C’est grâce à un don de la Fondation Chopin-Péladeau et de Québecor que le programme Millénium Québecor a été lancé en 2022, un incubateur d’entreprises hébergé à l’Université de Montréal. «L’UdeM est la première université de recherche au Québec et la deuxième au Canada, mais nous avions un peu de rattrapage à faire pour amener nos recherches sur le marché», constate Marie-Claude Lemire, directrice du programme.

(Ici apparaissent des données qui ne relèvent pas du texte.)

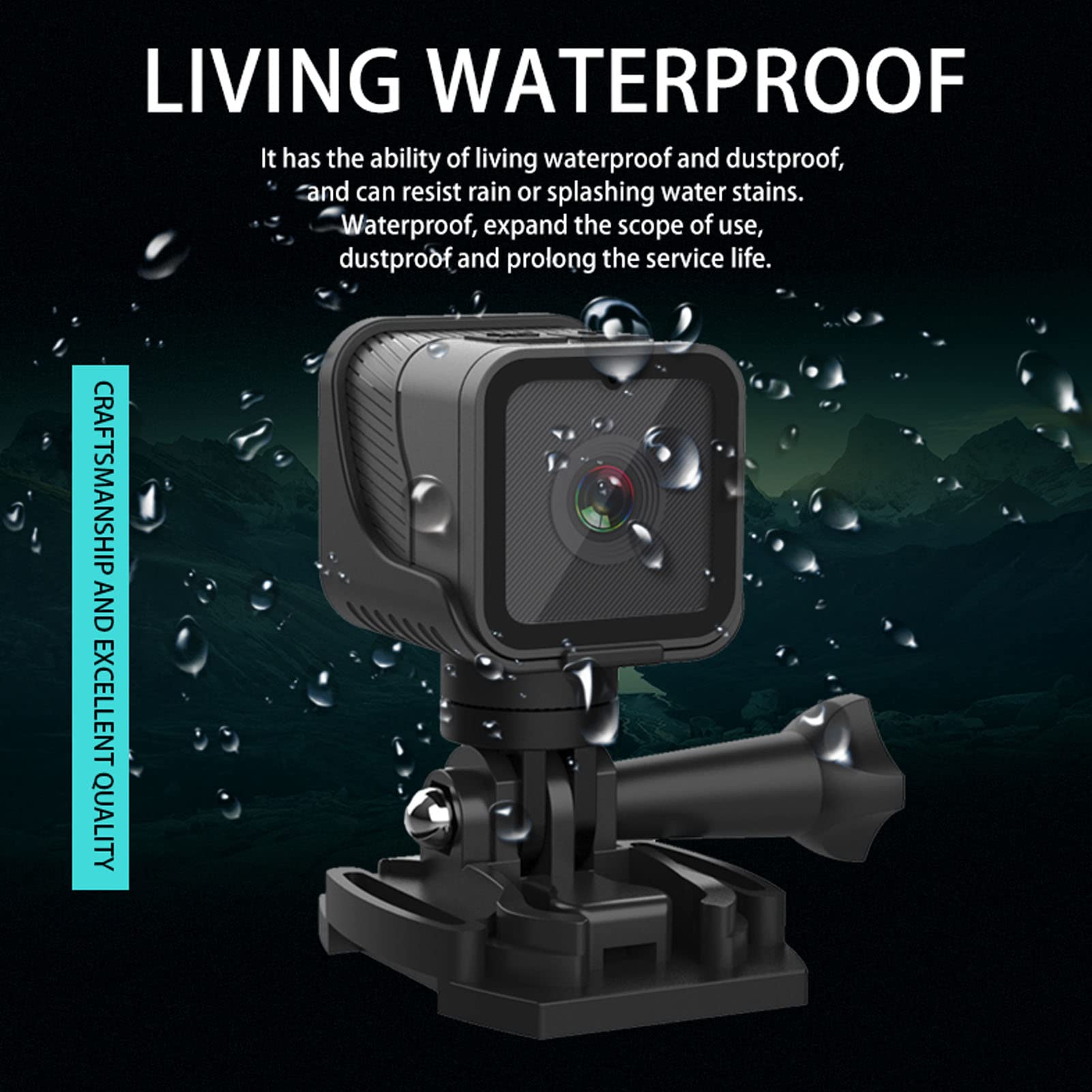 Tosuny Mini Sports DV Camera - 1080P FHD Waterproof WiFi Action Camera with Built-in Microphone for Outdoor Adventures, Cycling, Surfing & Extreme Sports | Ultra Long Standby, Full HD Recording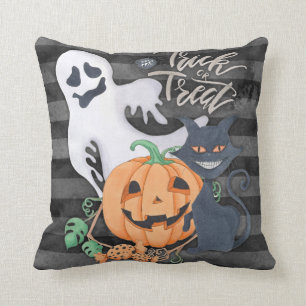 Trick or treat spookgesneden pompoen zwarte kat kussen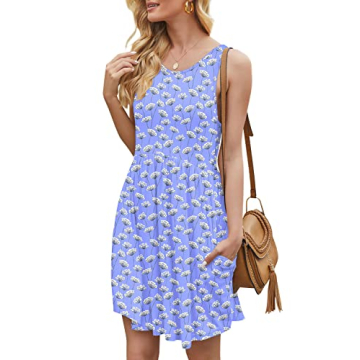 HiMONE Summer Dresses Women's Casual Sundresses for Women Casual Beach Petite Sun Dress with Pocket 2025 Trendy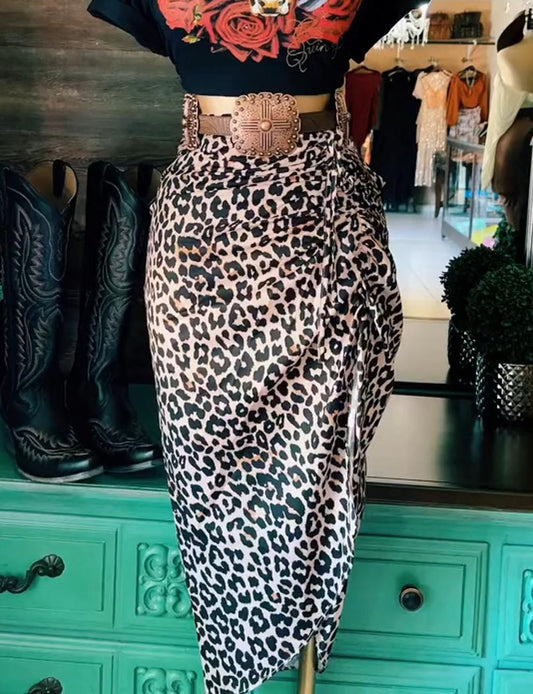 Vintage Leopard Print Skirt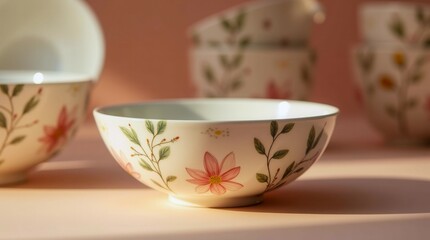 A white bowl with pink flowers on it sits on a table. The bowl is the center of attention and is surrounded by other bowls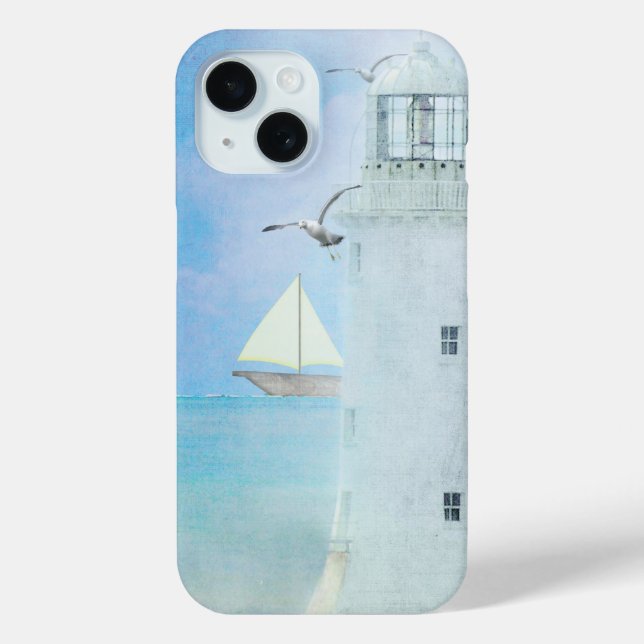 Coques Case-Mate iPhone phare blanc avec voilier (Verso)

Depuis sa création, ce sont 146 projets qui ont été soutenus par son équipe, qui compte maintenant 15 employés.
Un exemple de réussite
Deuxième prix du concours L’Impact Millénium Québecor dans la catégorie Impact, grand prix de 100 000 $ au Startupfest… Depuis son incorporation en 2023 après un passage par le programme Millénium Québecor, la petite entreprise mTatt continue de se démarquer. Fondée par Samuel Babity alors qu’il terminait son doctorat en pharmacie à l’UdeM, mTatt a mis au point des microtatouages faits à l’aide de minuscules aiguilles indolores. L’encre injectée réagit avec des composants du liquide interstitiel, présent dans la peau, et émet une lumière fluorescente, captée par un lecteur ou une montre intelligente. Cela permet de suivre les taux de cholestérol ou de glycémie par exemple.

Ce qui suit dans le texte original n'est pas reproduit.